▶ **RECORDS FOR THIS EXERCISE**:
=== Section Start ===

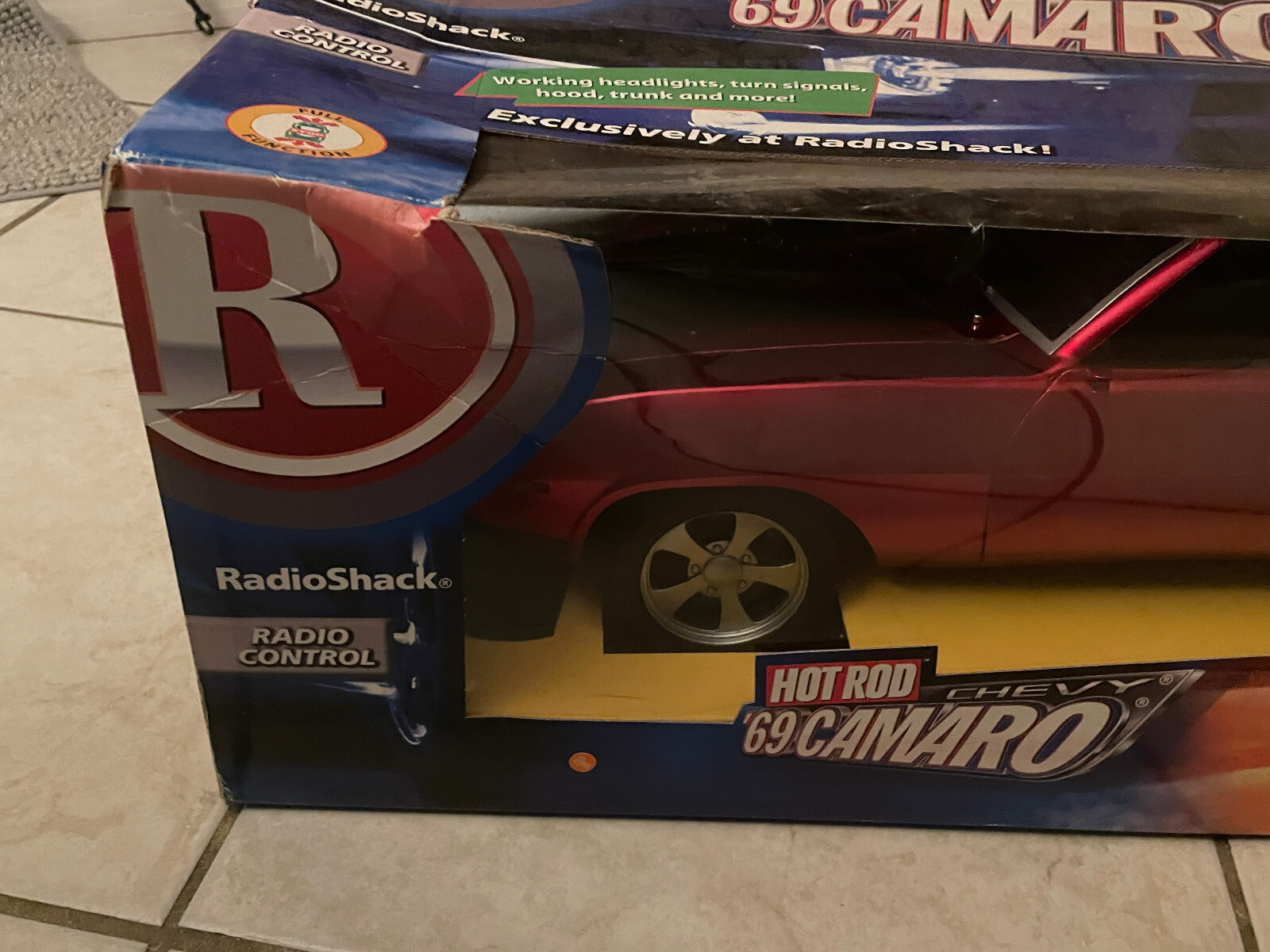 Radio Shack Hot Rod 1:6 69 Chevy Camaro 7.2 Volt Remote Control RC Car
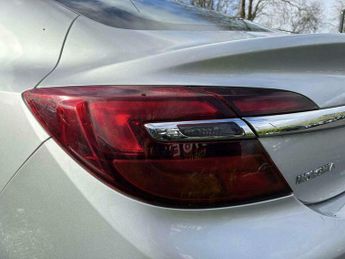 Vauxhall Insignia 2.0 CDTi Design Auto Euro 5 5dr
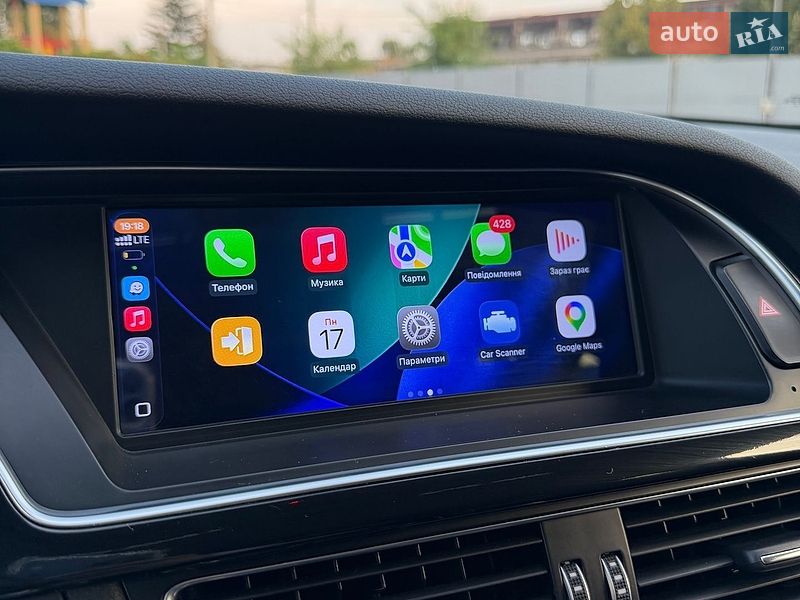 Седан Audi A4 2014 в Києві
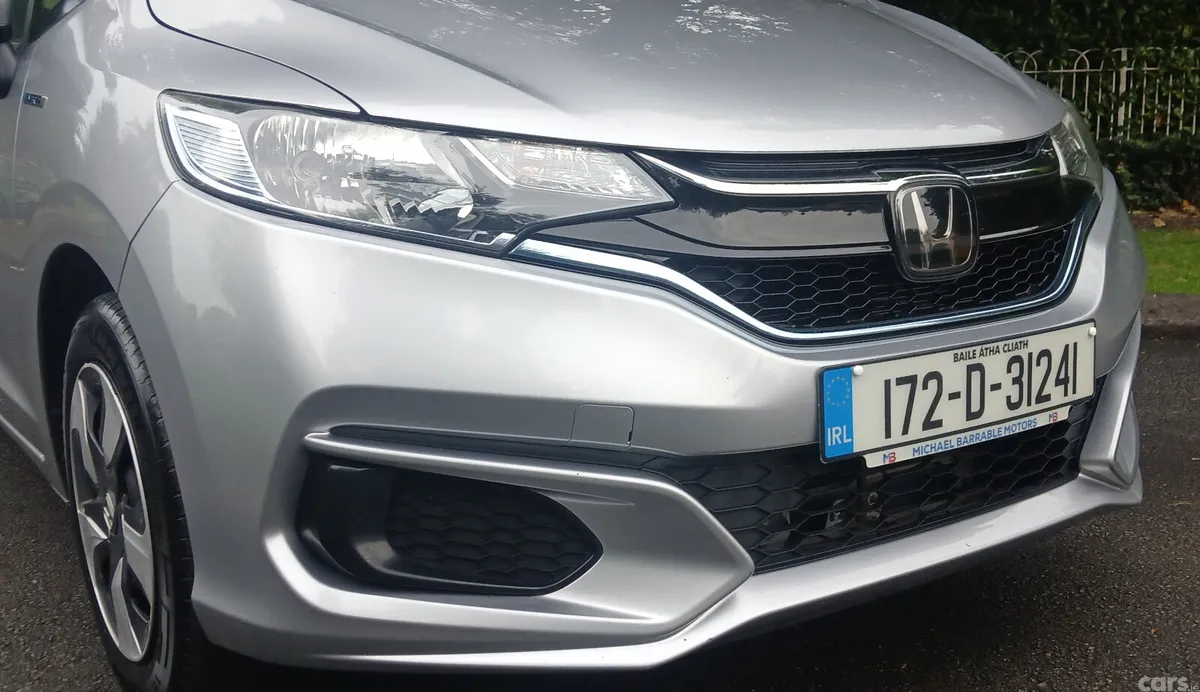 Honda Fit Hatchback, Petrol Hybrid, 2017, Silver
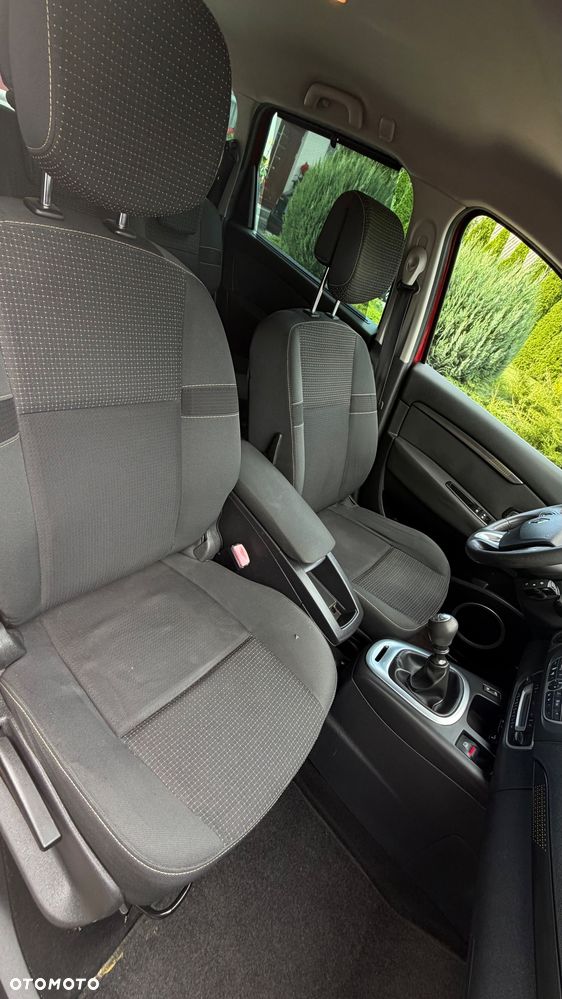 Renault Scenic - 16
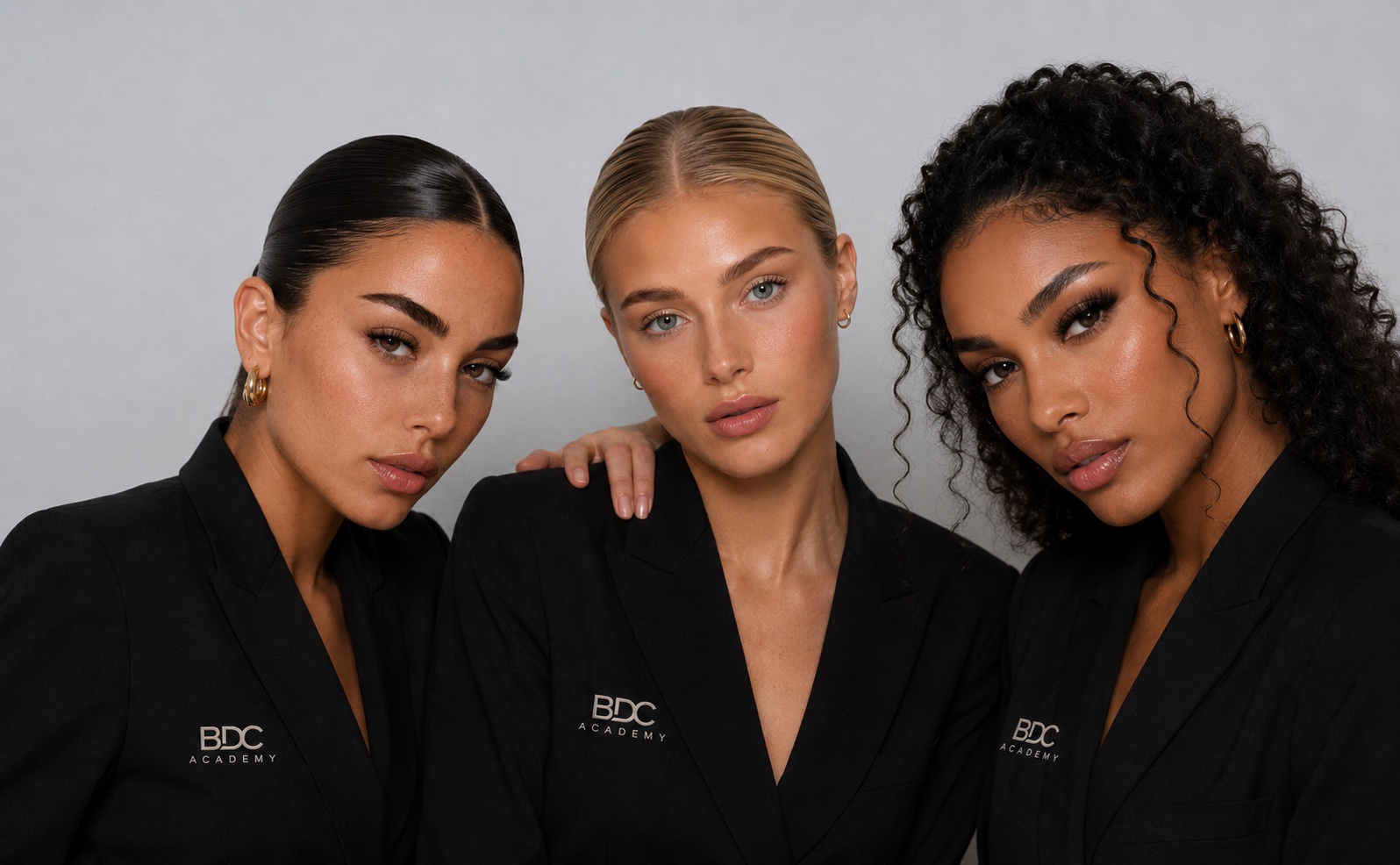 Trois techniciennes en veste Beauté du Cil Academy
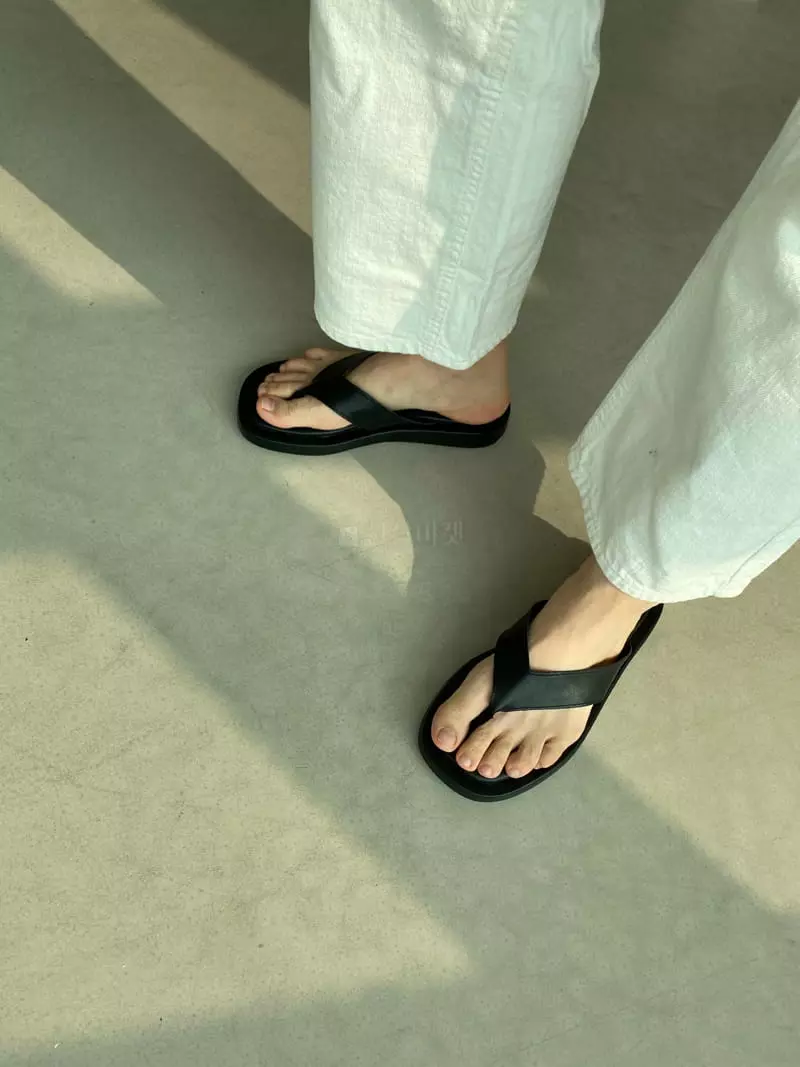 Cooing - Korean Women Fashion - #thatsdarling - ch7264 Flip-Flops - 3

=== Section End ===

▶ **PROBLEM STATEMENT**:
To complete this exercise, repeat exactly the lines above from the one holding "Trois techniciennes en" to the end of the listing, both included, and leave the pictures out.

▶ **ANSWER TO THIS TASK**:
 Trois techniciennes en veste Beauté du Cil Academy
 Cooing - Korean Women Fashion - #thatsdarling - ch7264 Flip-Flops - 3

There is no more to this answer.